In December, then SEC Chair Christopher Cox was very blunt, saying, “The Commission has learned that credible and specific allegations regarding Mr. Madoff’s financial wrongdoing, going back to at least 1999, were repeatedly brought to the attention of SEC staff, but were never recommended to the Commission for action. I am gravely concerned by the apparent multiple failures over at least a decade to thoroughly investigate these allegations or at any point to seek formal authority to pursue them. Moreover, a consequence of the failure to seek a formal order of investigation from the Commission is that subpoena power was not used to obtain information, but rather the staff relied upon information voluntarily produced by Mr. Madoff and his firm.”

Unfortunately, today staffers referred to ongoing criminal investigations as the reason that they cannot discuss anything that may have been done wrong at the SEC, and provided only very limited information about prior SEC investigations of Madoff. In fact, they seem to imply that Madoff’s involvement in the regulatory world only began in 2006 when he became an investment advisory firm (but note Cox’s statement above).

I greatly respect the hard working people at the SEC, especially those with the difficult task of overseeing large divisions with limited budgets. And I understand we are on the verge of a possible complete overhaul of the regulatory structure.

But when I respectfully disagree with their approach to something, I speak up, respectfully. There are many, many thousands who have literally lost billions of dollars here, and it appears that the SEC and Finra were asleep at the switch.

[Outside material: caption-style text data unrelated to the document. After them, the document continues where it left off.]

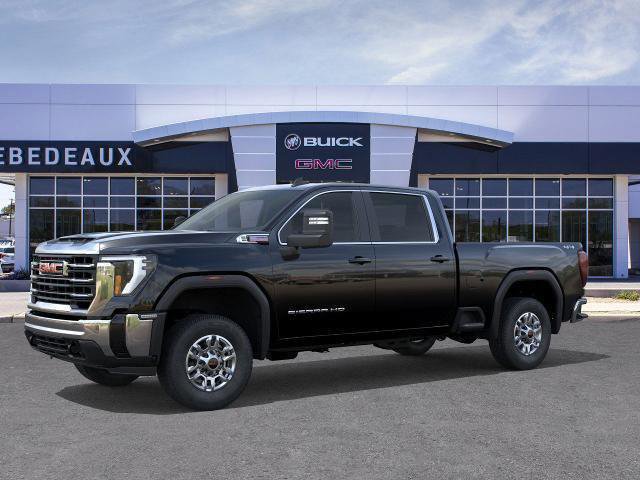New 2026 GMC Sierra 2500 SLE image 2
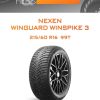 Шины Nexen WINGUARD WINSPIKE 3 | Каталог Wheelsnheels.ru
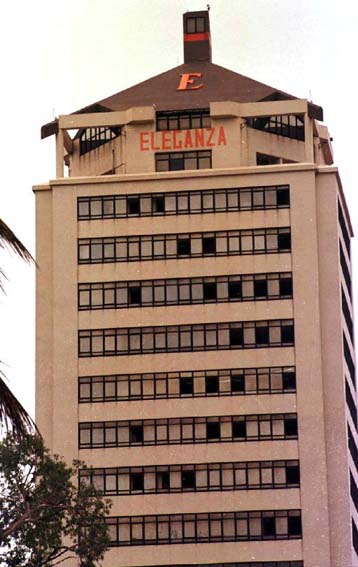 Το μεγαλύτερο Τetris  στον κόσμο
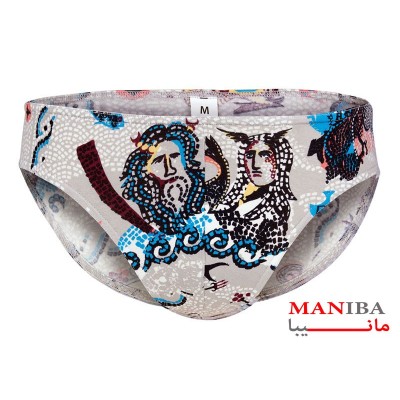 لباس زیر مردانه |شورت اسلیپ مردانه 1239|فروشگاه مانیبا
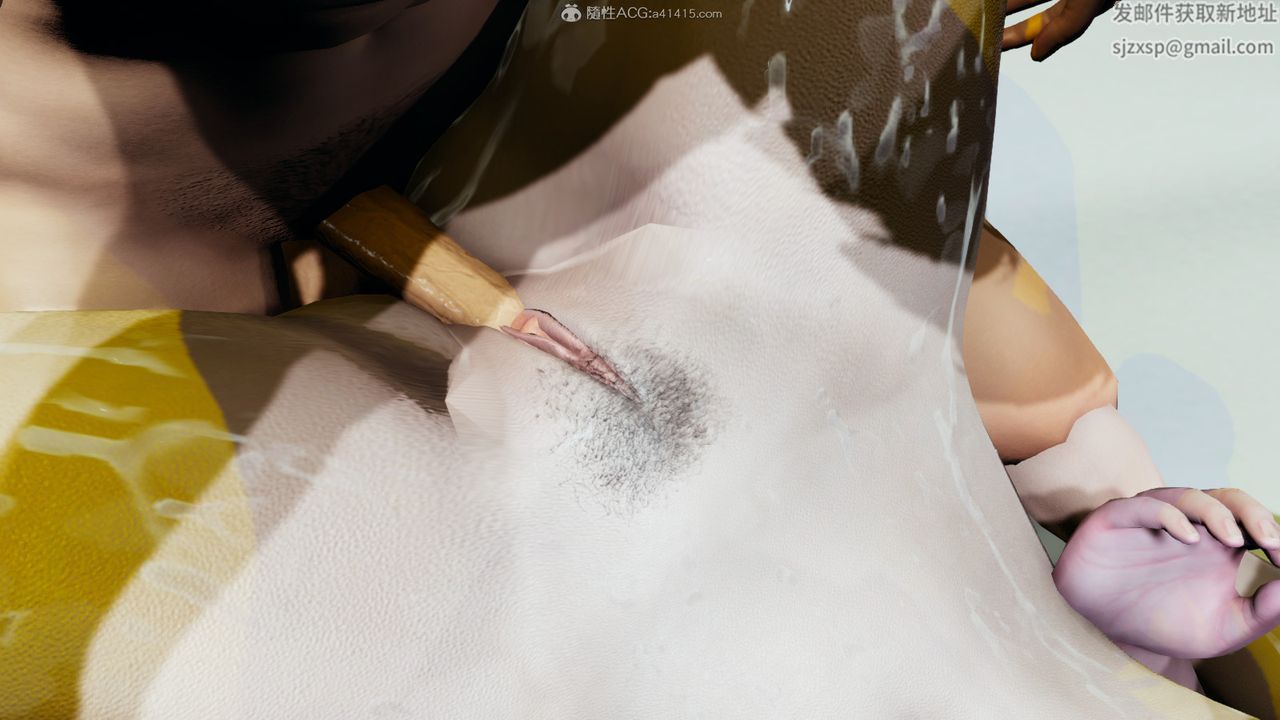 [3D]我的女王母亲第11话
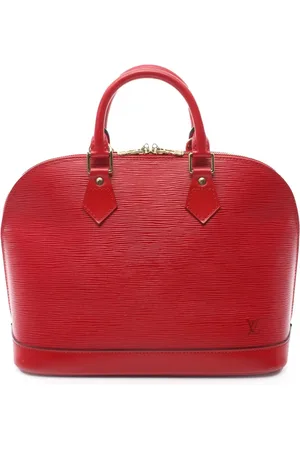 LOUIS VUITTON 1996 Epi Alma PM handbag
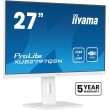 iiyama G-MASTER XUB2797QSN-W2 computer monitor 68.6 cm (27 iiyama G-MASTER XUB2797QSN-W2 computer monitor 68.6 cm (27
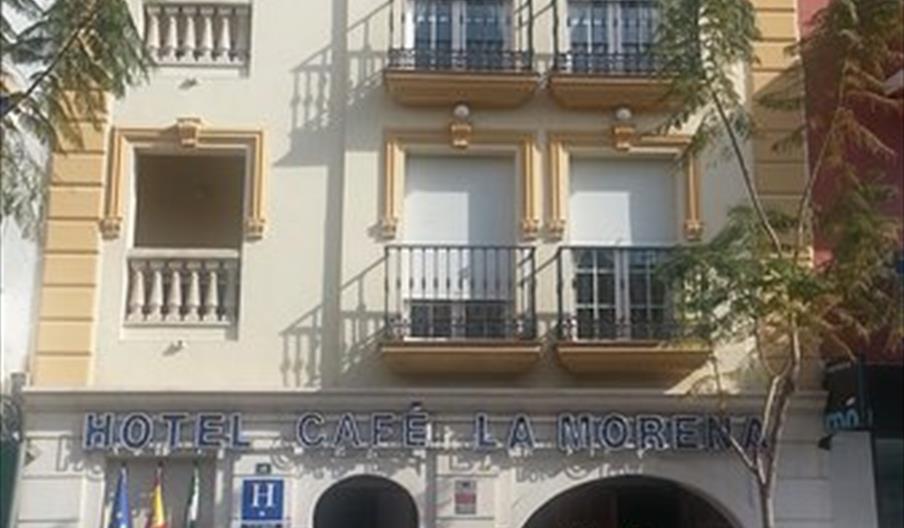 Hotel 1* La Morena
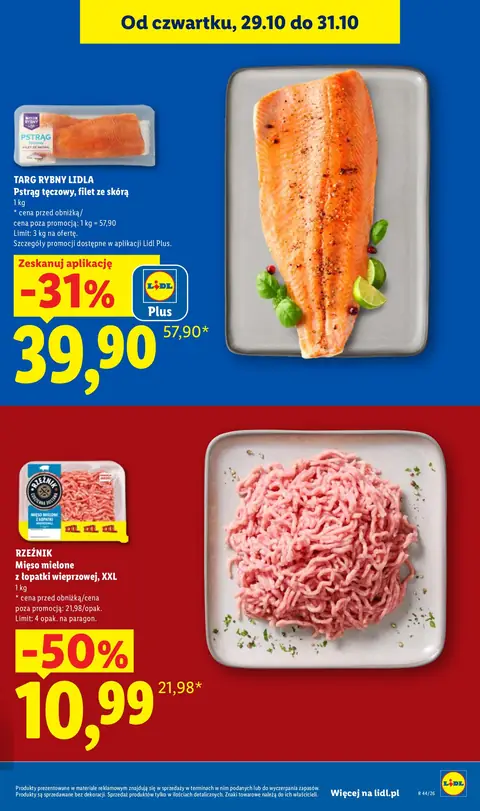 Lidl gazetka promocyjna 29.10-31.10.2026 — strona 17 z 114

There is a sense of urgency here, it seems, among everyone but the very regulators who need to act. The other day President Obama admitted that he “screwed up” in pushing for Sen. Tom Daschle to be a member of his Cabinet given his tax problems. I call on Chairman Schapiro to step up very early in her ascendancy and let us know that it appears the regulators (including the “self-regulators” she oversaw at Finra) also screwed up here over the years and how she will attend to ensuring it does not happen again, not with a two-year investigation, but with action starting right now.